"""

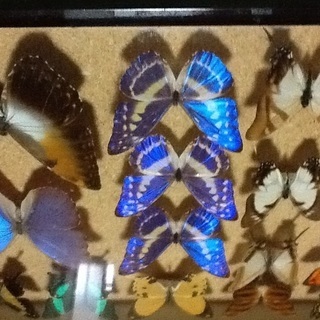 蝶の標本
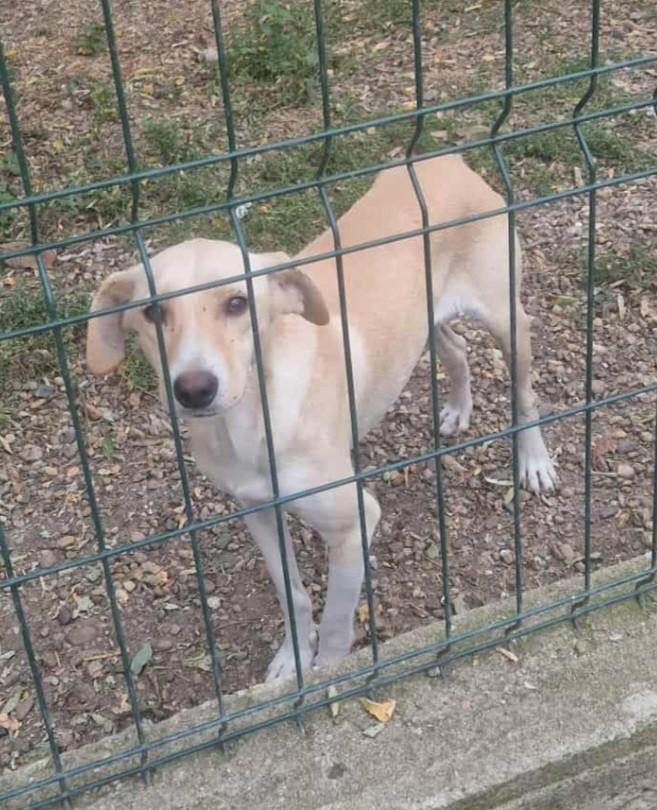 Nina zoekt baasje, Dieren en Toebehoren, Honden | Niet-rashonden, Middel, Teef, Particulier, Eén hond, Buitenland, 1 tot 2 jaar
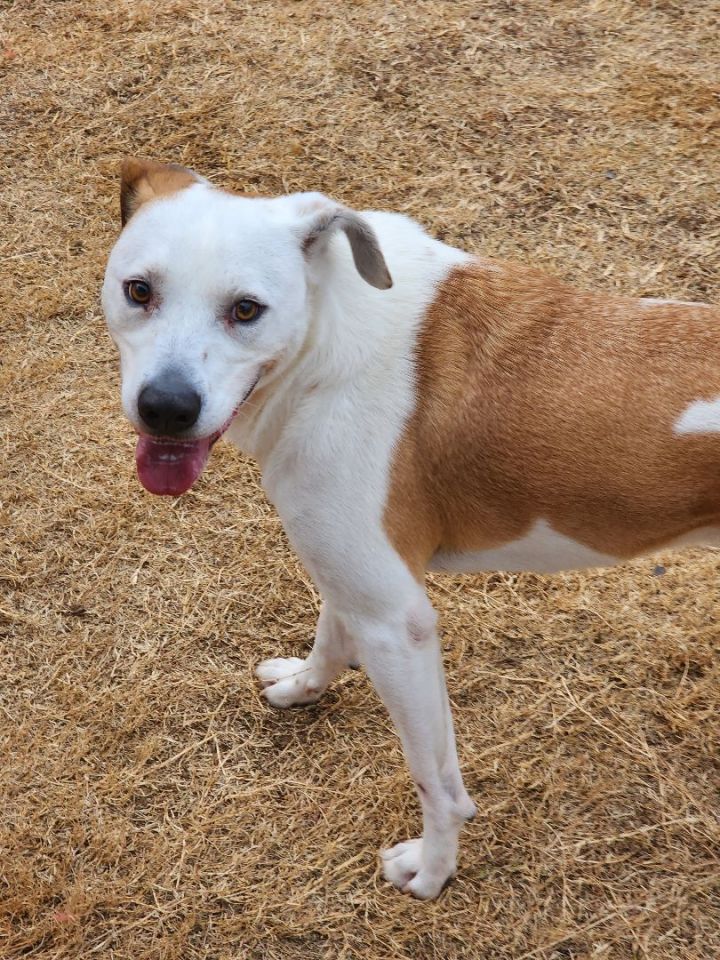 Brian, an adoptable Labrador Retriever in Allen, TX_image-1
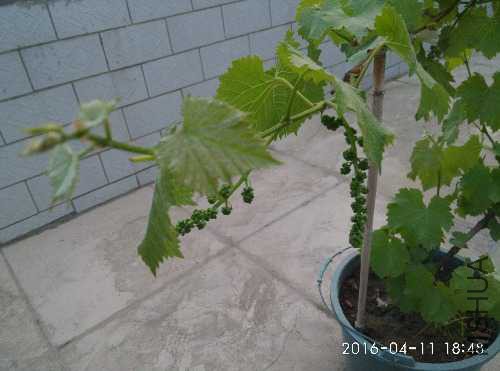 IMG_20160411_184813.jpg
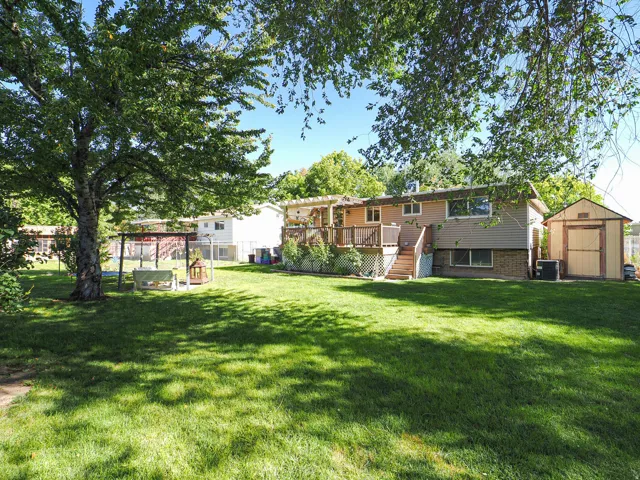 Expansive backyard with a manicured lawn, large shade tree, and wood storage shed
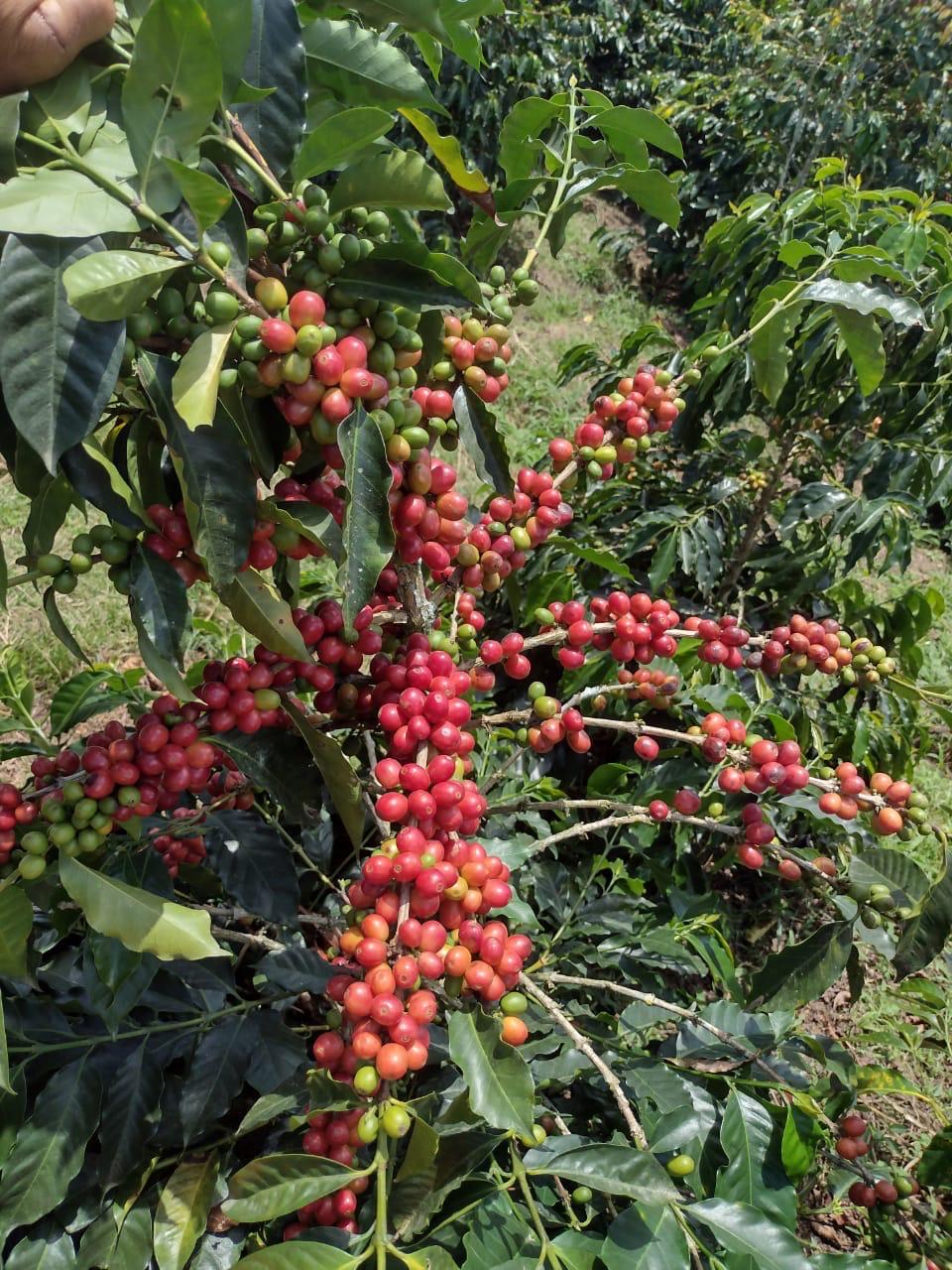 Colombia Bourbon Aji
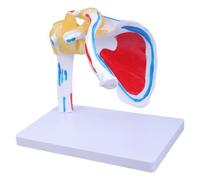 Modello Anatomico Della Spalla Umana Con Dettagli Muscolari E Nervosi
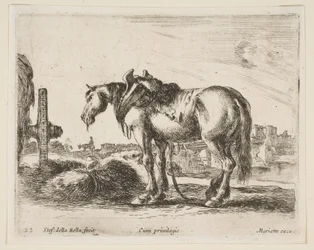 Plate 22: cart horse, from Various animals Diversi animali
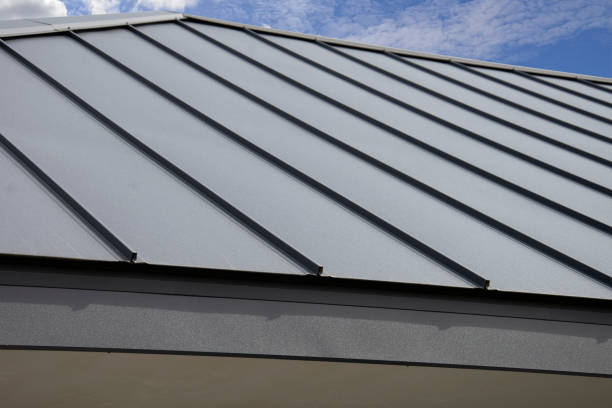 Best Roof Moss and Algae Removal  in Brackettville, TX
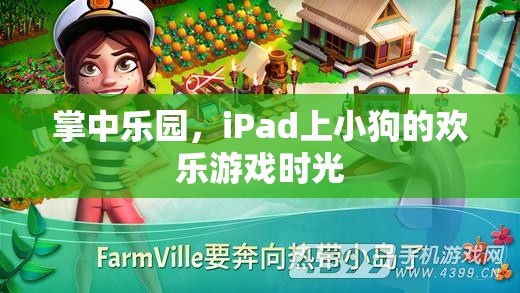 iPad上的掌中樂園，小狗的歡樂游戲時光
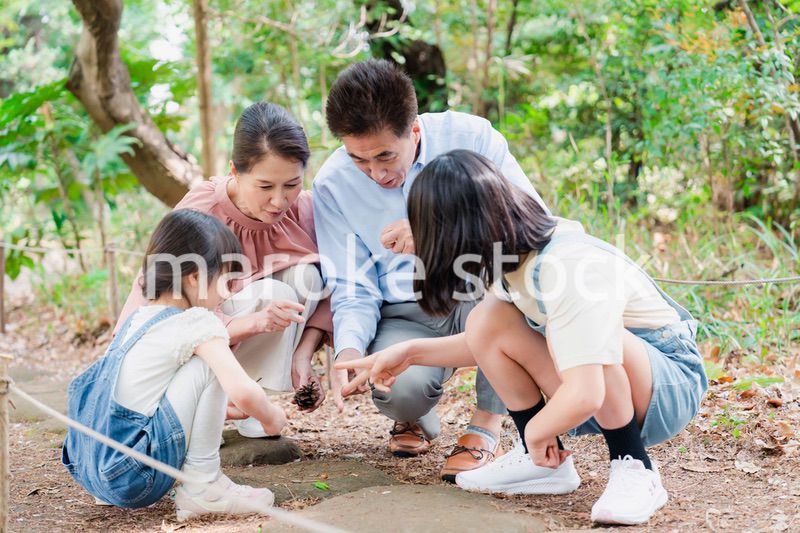 田舎の祖父母の家で遊ぶ孫たち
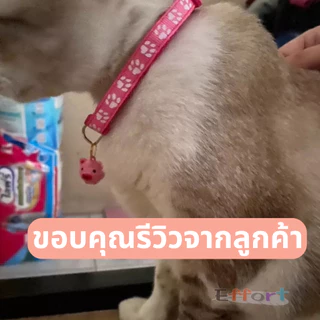 ปลอกคอหัวเข็มขัด Animal Collar (รอยเท้า)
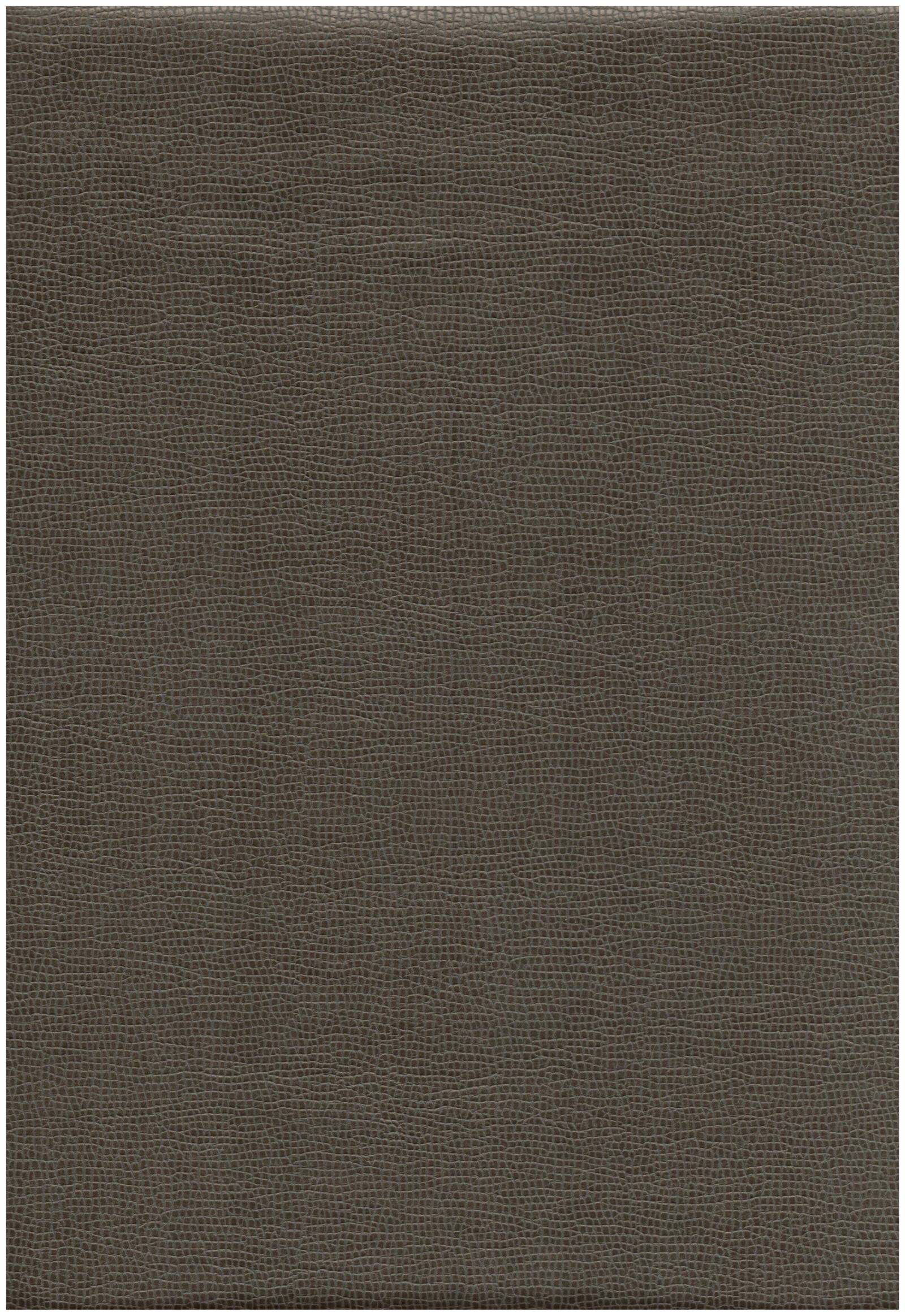 669 mica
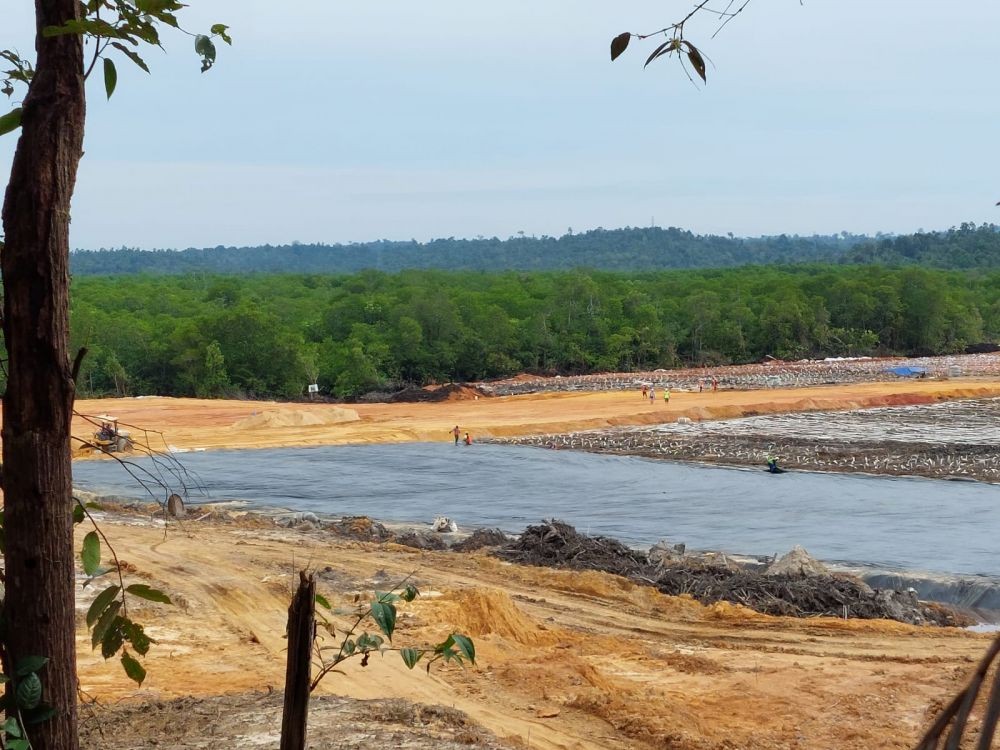 Mangrove Teluk Balikpapan Rusak, Diduga Akibat Proyek Smelter Nikel 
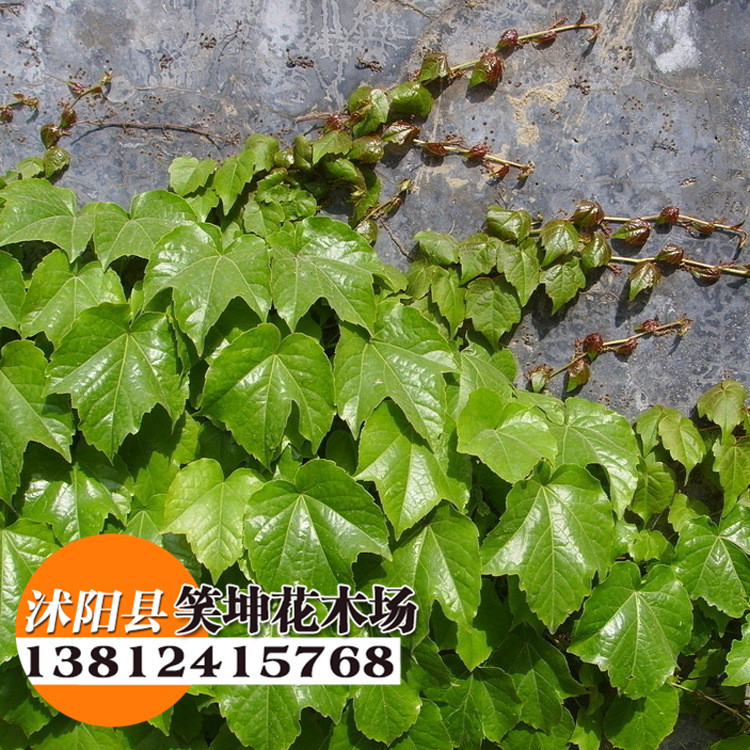 批发绿植盆栽爬山虎苗 别墅外墙绿装苗木 爬山虎小苗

"""

PROBLEM:
Only the pictures stay out; everything else in the listing above must be repeated exactly.

ANSWER TO THIS TASK:
 蝶の標本
 Nina zoekt baasje, Dieren en Toebehoren, Honden | Niet-rashonden, Middel, Teef, Particulier, Eén hond, Buitenland, 1 tot 2 jaar
 Brian, an adoptable Labrador Retriever in Allen, TX_image-1
 IMG_20160411_184813.jpg
 Expansive backyard with a manicured lawn, large shade tree, and wood storage shed
 Colombia Bourbon Aji
 Modello Anatomico Della Spalla Umana Con Dettagli Muscolari E Nervosi
 Plate 22: cart horse, from Various animals Diversi animali
 Best Roof Moss and Algae Removal  in Brackettville, TX
 iPad上的掌中樂園，小狗的歡樂游戲時光
 田舎の祖父母の家で遊ぶ孫たち
 ปลอกคอหัวเข็มขัด Animal Collar (รอยเท้า)
 669 mica
 Mangrove Teluk Balikpapan Rusak, Diduga Akibat Proyek Smelter Nikel 
 批发绿植盆栽爬山虎苗 别墅外墙绿装苗木 爬山虎小苗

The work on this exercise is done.